** Available records follows **

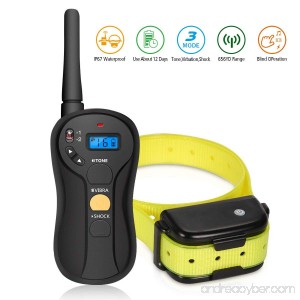FOCUSPET Remote Dog Training Collar Electric Dog training Shock Collar With Remote 655 yd Rechargeable and Waterproof 16 Levels Tone Vibration & Shock for Small medium & Large Dogs - B071WM148Y
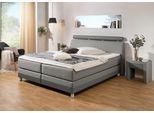 Boxspringbett HOME AFFAIRE "Rocklin", grau (grau, anthraz), B:192cm L:217cm, Komplettbetten, Boxspringbett, in H2, H3 oder H4 erhältlich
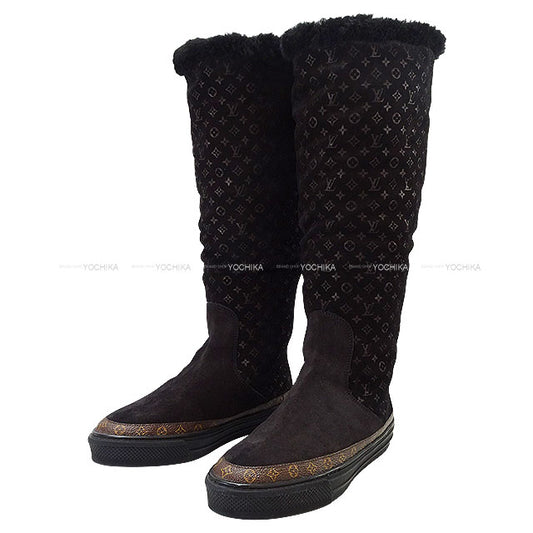 LOUIS VUITTON boots Long boots Monogram Snowball Line Brown Mouton #37[EXCELLENT][Authentic]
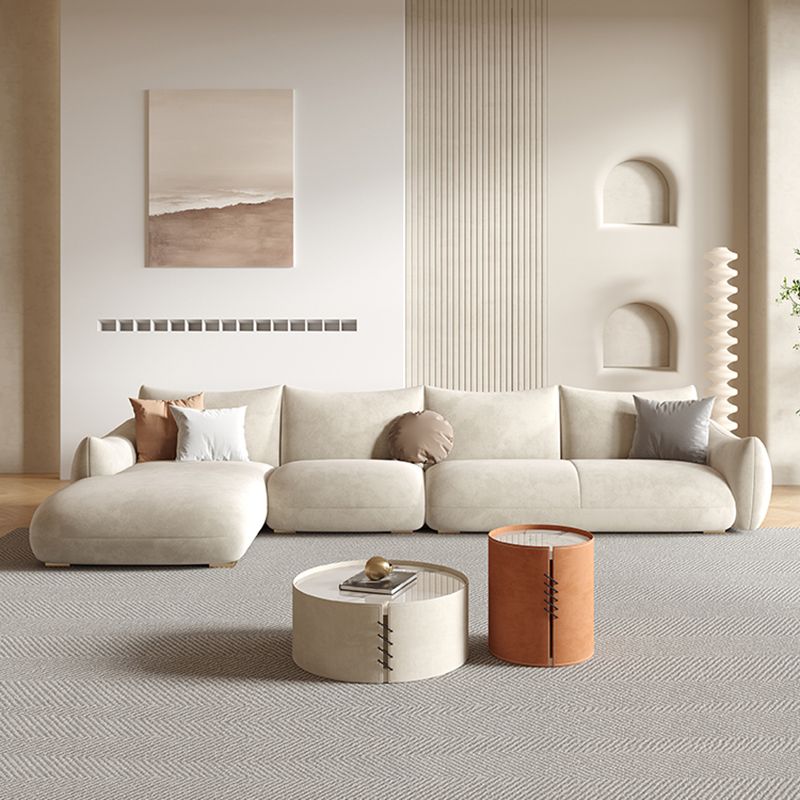 Modern Fabric Sectional with Bolster Pillows 31.5" Tall White L-shape Sectional Clearhalo 'furn' 'furn_sectionals' 'Furniture' 'Living Room Furniture' 'Sectionals' 1200x1200_a9a17acb-9bdf-4805-9dd5-0bc9bd15bc0b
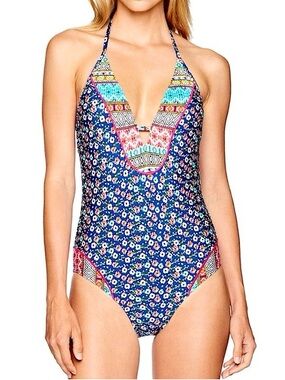 Laundry By Shelli Segal Blue Floral Print Dress with Pink Lining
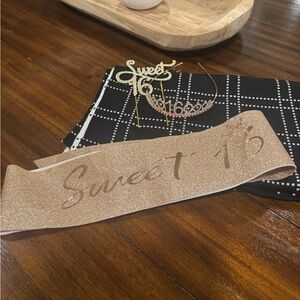 Sweet 16 Tiara, Cake Topper and Sash Set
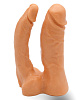 Двойной фаллоимитатор телесного цвета на трусиках с плугом LOVETOY (А-Полимер) 281903 (15 см)
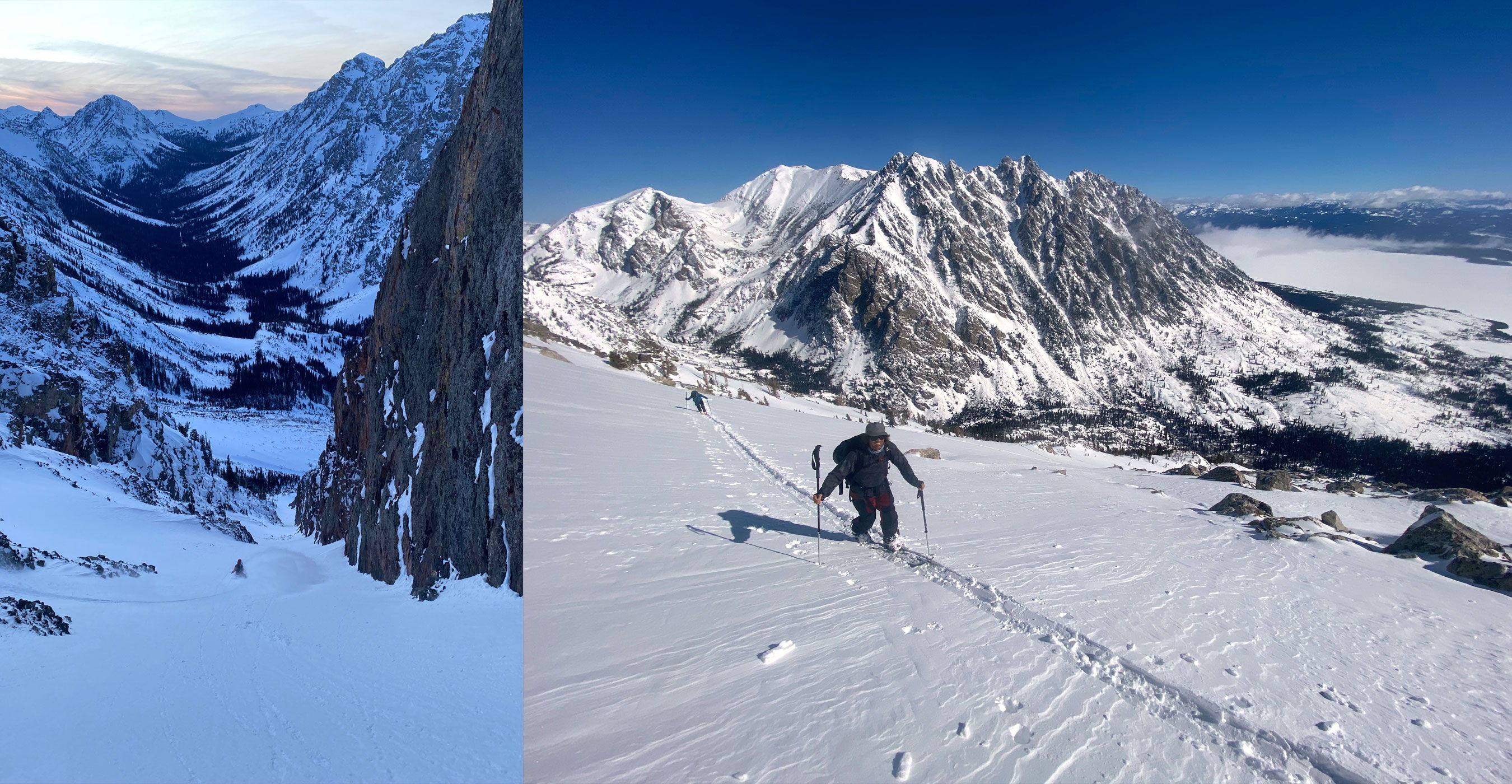 Two snowy mountain scenes, one with a climber ascending.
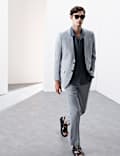 Tailored Fit Italian Performance Linen Blend Suit Trousers
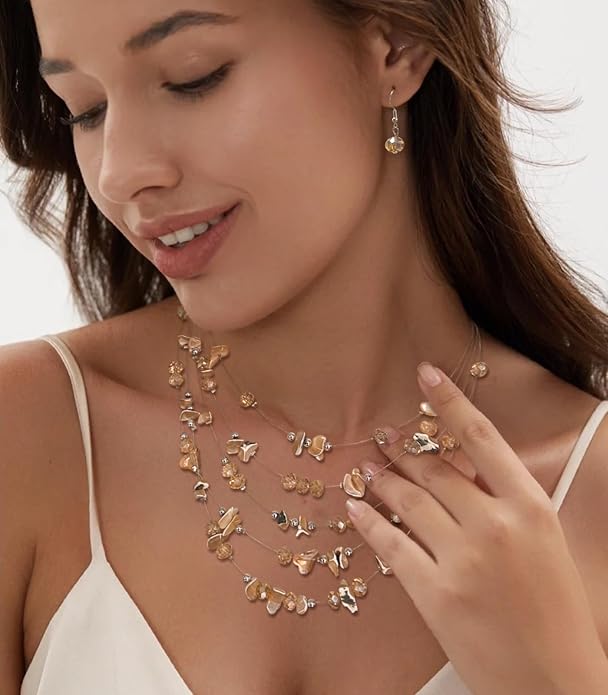 Multi-Layer Boho Shell Beaded Necklace for Women Colorful Crystal Strand with Silver Beads Statement Collars Necklace and Earrings Costumes Jewelry Sets for Women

** End of Available records **

◆ **How to complete this task**
Return each record as written, minus its images.

◆ **Exercise answer**
FOCUSPET Remote Dog Training Collar Electric Dog training Shock Collar With Remote 655 yd Rechargeable and Waterproof 16 Levels Tone Vibration & Shock for Small medium & Large Dogs - B071WM148Y
 Boxspringbett HOME AFFAIRE "Rocklin", grau (grau, anthraz), B:192cm L:217cm, Komplettbetten, Boxspringbett, in H2, H3 oder H4 erhältlich
 LOUIS VUITTON boots Long boots Monogram Snowball Line Brown Mouton #37[EXCELLENT][Authentic]
 Modern Fabric Sectional with Bolster Pillows 31.5" Tall White L-shape Sectional Clearhalo 'furn' 'furn_sectionals' 'Furniture' 'Living Room Furniture' 'Sectionals' 1200x1200_a9a17acb-9bdf-4805-9dd5-0bc9bd15bc0b
 Laundry By Shelli Segal Blue Floral Print Dress with Pink Lining
 Sweet 16 Tiara, Cake Topper and Sash Set
 Двойной фаллоимитатор телесного цвета на трусиках с плугом LOVETOY (А-Полимер) 281903 (15 см)
 Two snowy mountain scenes, one with a climber ascending.
 Tailored Fit Italian Performance Linen Blend Suit Trousers
 Multi-Layer Boho Shell Beaded Necklace for Women Colorful Crystal Strand with Silver Beads Statement Collars Necklace and Earrings Costumes Jewelry Sets for Women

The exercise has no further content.